### Records shown ###

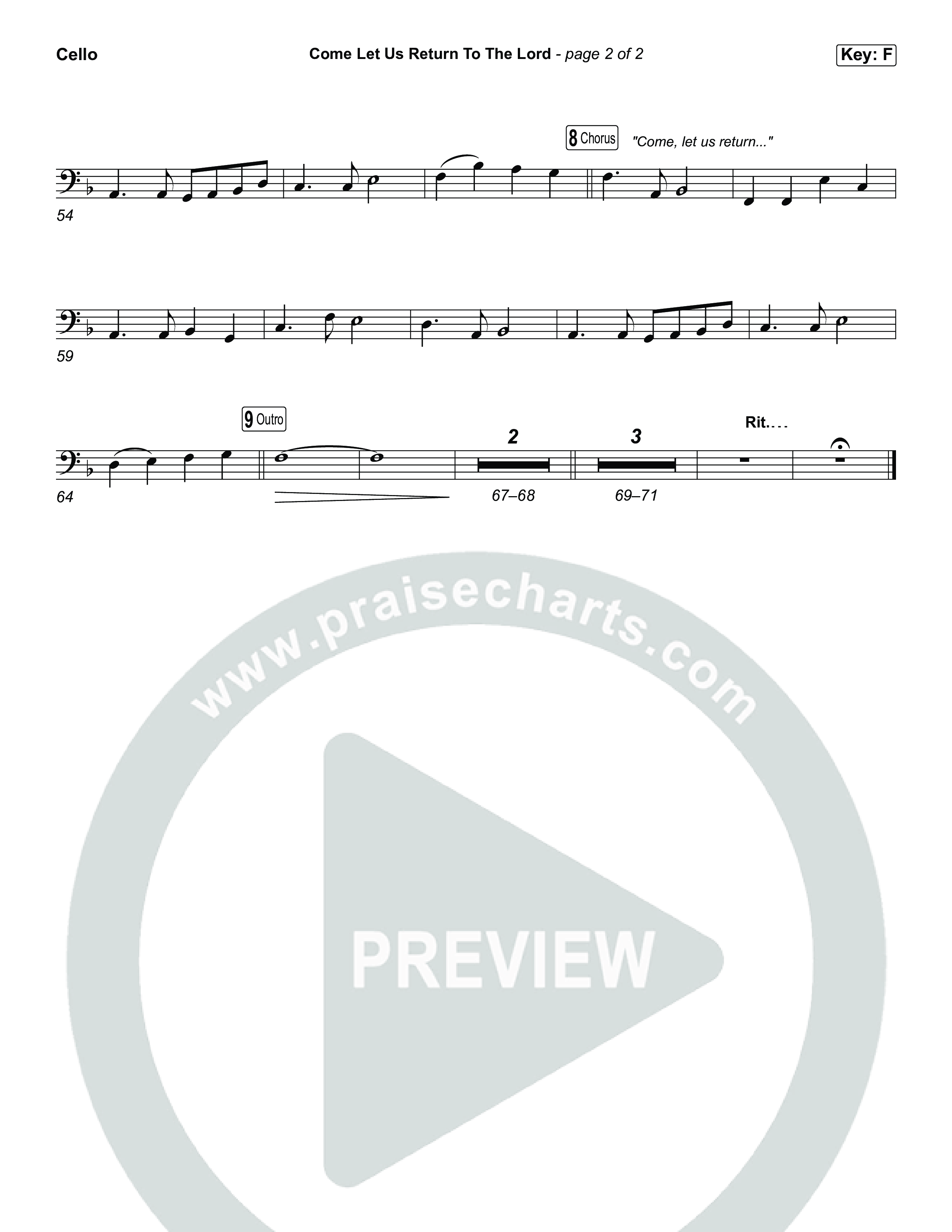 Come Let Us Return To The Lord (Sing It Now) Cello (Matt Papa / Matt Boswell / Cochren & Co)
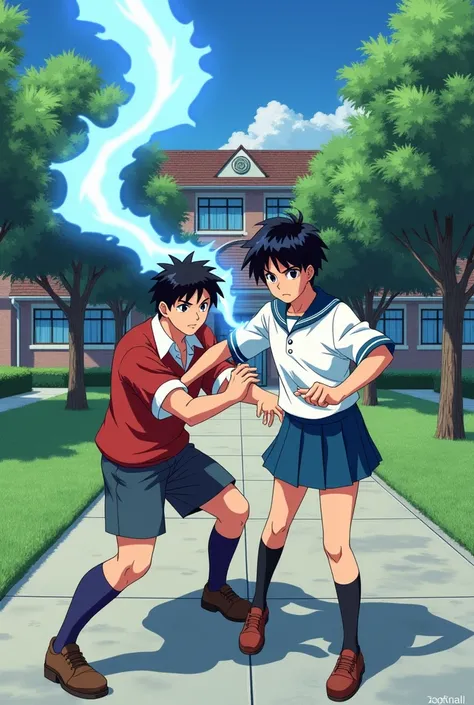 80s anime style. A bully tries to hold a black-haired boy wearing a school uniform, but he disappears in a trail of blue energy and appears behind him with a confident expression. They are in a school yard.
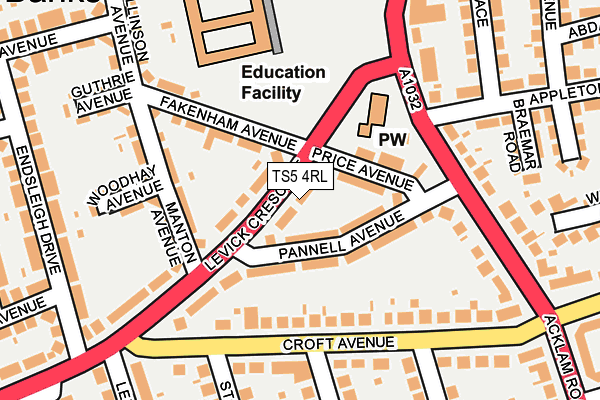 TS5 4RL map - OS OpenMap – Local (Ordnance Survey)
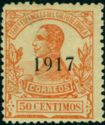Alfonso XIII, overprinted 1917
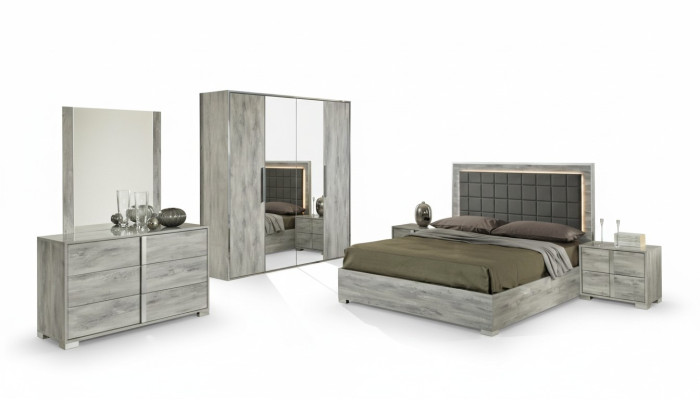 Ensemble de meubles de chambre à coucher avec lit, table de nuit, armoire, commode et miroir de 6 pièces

###
### Records shown ###

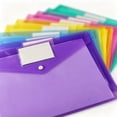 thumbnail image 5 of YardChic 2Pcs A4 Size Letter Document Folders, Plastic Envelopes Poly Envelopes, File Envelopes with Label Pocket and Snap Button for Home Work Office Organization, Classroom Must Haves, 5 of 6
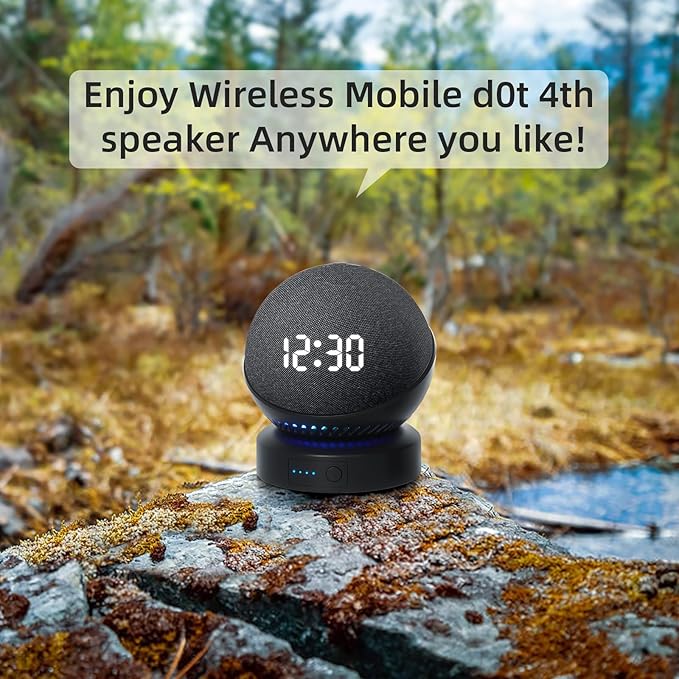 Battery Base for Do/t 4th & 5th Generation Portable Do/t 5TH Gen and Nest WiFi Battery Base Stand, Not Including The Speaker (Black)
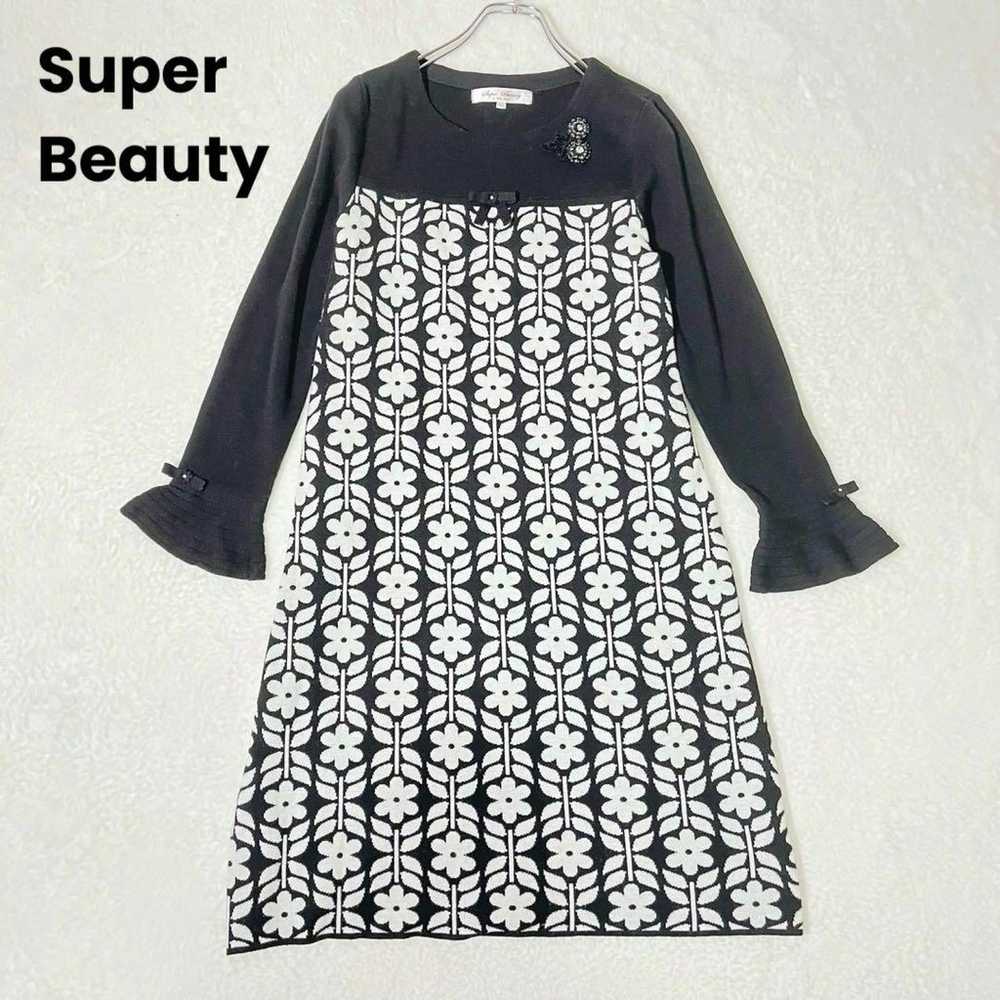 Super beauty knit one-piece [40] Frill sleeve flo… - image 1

###
### Records shown ###

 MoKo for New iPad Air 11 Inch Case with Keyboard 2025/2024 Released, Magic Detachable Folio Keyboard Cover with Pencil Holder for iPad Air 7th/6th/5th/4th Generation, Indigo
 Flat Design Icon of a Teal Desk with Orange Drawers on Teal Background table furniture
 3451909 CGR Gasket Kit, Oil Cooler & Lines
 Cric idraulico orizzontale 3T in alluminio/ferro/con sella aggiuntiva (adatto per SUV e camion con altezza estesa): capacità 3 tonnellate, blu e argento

###

Task details
From the records above, copy only the lines running from the line holding "thumbnail image 5" through the line holding "Super beauty knit", with no pictures.

Exercise result
 thumbnail image 5 of YardChic 2Pcs A4 Size Letter Document Folders, Plastic Envelopes Poly Envelopes, File Envelopes with Label Pocket and Snap Button for Home Work Office Organization, Classroom Must Haves, 5 of 6
 Battery Base for Do/t 4th & 5th Generation Portable Do/t 5TH Gen and Nest WiFi Battery Base Stand, Not Including The Speaker (Black)
 Super beauty knit one-piece [40] Frill sleeve flo… - image 1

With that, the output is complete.